Former Senate Majority Leader Dean Skelos (R-Rockville Centre) did not testify in his 2015 corruption trial.
But the second time around, Skelos decided to take the stand and tell the jury why he pushed local companies to hire his son, Adam.
“Quite frankly, I asked a lot of people to help my son,” he testified last week at a federal courthouse in Manhattan, according to the New York Daily News. “If I had the opportunity to ask [somebody] to help Adam, I would.”
The two Skelos men are again facing charges that Dean Skelos used his power in Albany to secure jobs and fees worth $300,000 for Adam Skelos from Physicians’ Reciprocal Insurers in Roslyn, New Hyde Park real estate developer Glenwood Management and Arizona-based environmental technology firm AbTech Industries.
The father and son were convicted on corruption charges in 2015, but the conviction was overturned last September by a federal appeals court, citing a U.S. Supreme Court case involving former Virginia Gov. Bob McDonnell, which narrowed the definition of an “official act” and what constitutes corruption.
In testimony last week, Skelos painted his efforts to help Adam as motivated not by greed but from a desire to be a good father.
He said he became close to his adopted son after his wife left him in 1982 and said that Adam struggled with school work and behavioral problems growing up, according to the Daily News.
Those struggles led to alcohol and drug addiction in Adam’s early 20s, according to the Daily News, along with anger management issues.
An employee at Physicians Reciprocal Insurers testified earlier in the trial that Adam threatened to “smash his [expletive] head in” after he questioned Adam about not showing up for work.
“His temperament, sometimes, he could get a bit abrasive,” Skelos said, according to the Daily News. “It could get a little ugly.”
While he admitted to asking Glenwood Management for “financial” help for his son, Dean Skelos denied that he ever threatened businesses or promised benefits in Albany if they worked with him, according to a Newsday report.
That went against the testimony of Physicians Reciprocal Insurers CEO Anthony Bonomo, who testified earlier that he could not fire Adam because he needed his father’s support that was essential to the company’s survival.
David J. Ayres, a former Nassau County judge and current partner at Barket Epstein Kearon LLP in Garden City, said that he was surprised that Skelos chose to testify this time around.
“For the second trial, it’s unusual for the strategy of the trial to change so much,” he said. “The defense is going to bring their violin and try to paint [Dean Skelos] as Robert Young from Father Knows Best.”
Ayres said that there were benefits and drawbacks to Skelos deciding to testify.

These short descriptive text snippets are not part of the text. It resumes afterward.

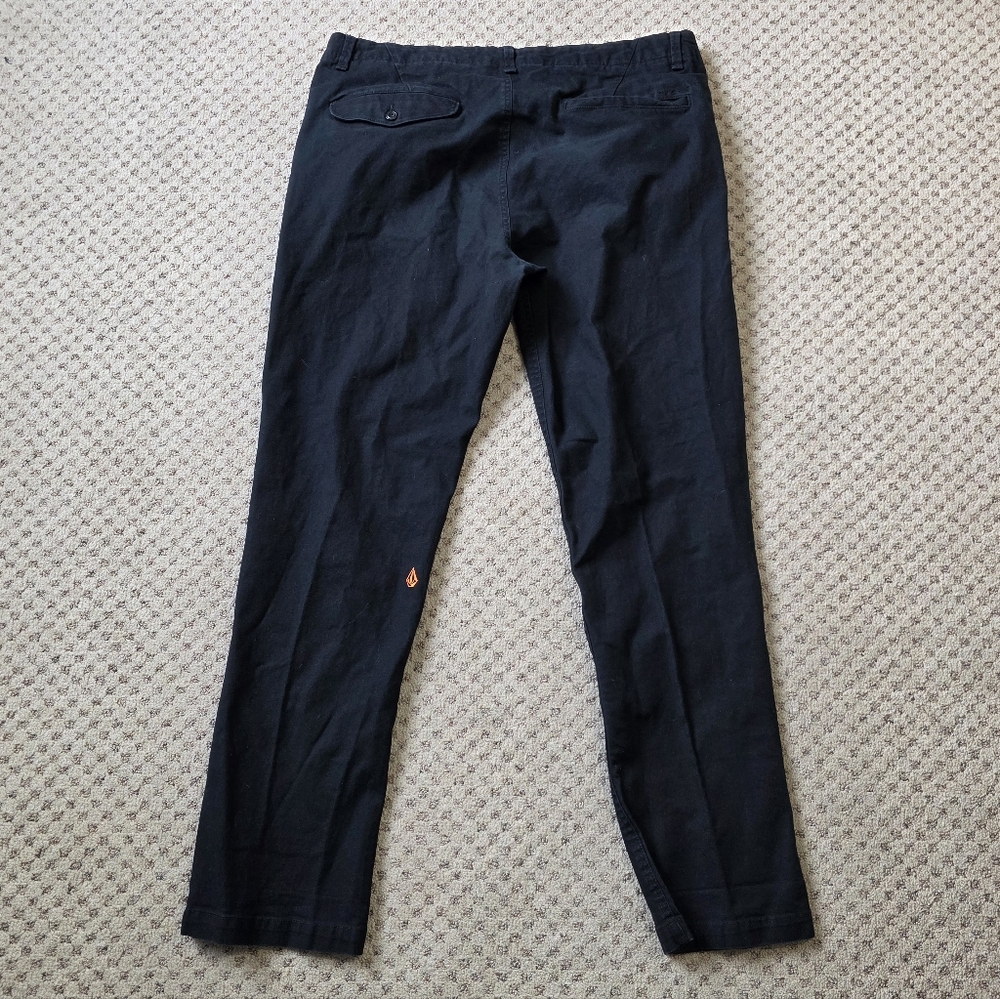 Volcom pants - Picture 2 of 9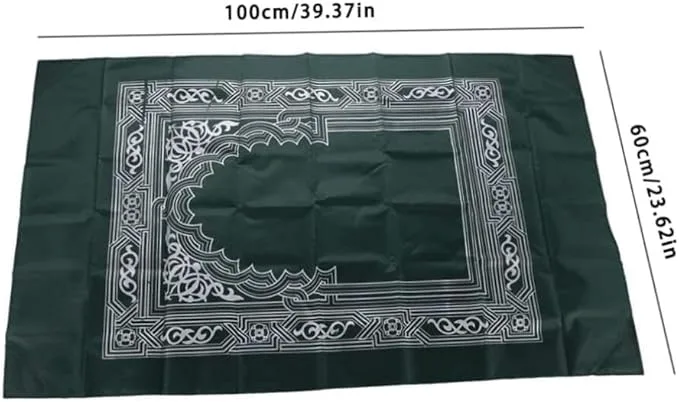 Tapis de prière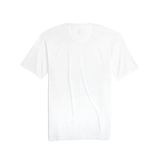 johnnie-O 01. MENS APPAREL - MENS T-SHIRTS - MENS T-SHIRT SS Men's Dale 2.0 Pocket T-Shirt WHITE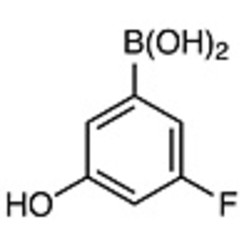 3-Fluoro-5-hydroxyphenylboronic Acid (contains varying amounts of Anhydride) 1g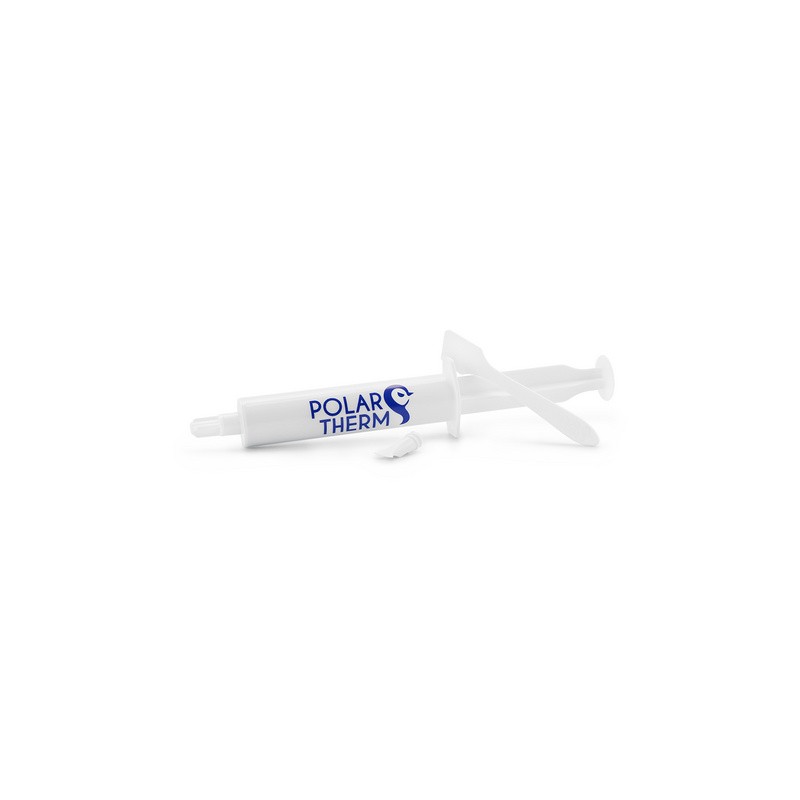 Termalna pasta Polartherm X-8, 40g / 15.39ml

He said that Skelos likely felt that using the same strategy as the first trial would produce the same result, so why not try something different? But he added that Skelos testimony could be undercut by other pieces of evidence.
“When he paints himself in that light [as a concerned father], it flies in the face of what the wiretaps recorded, that he was livid with Glenwood for donating to the Democrats, or telling them to pony up money,” he said.
That was exactly what happened on Tuesday. Federal prosecutor Thomas McKay called Skelos’ testimony “ridiculous” during closing arguments, according to a Newsday report.
“Everything that happened… was someone else’s fault,” McKay said, and accused Skelos of lying when he claimed he didn’t have the power in the state Senate to kill a state-sanctioned building project in Nassau County.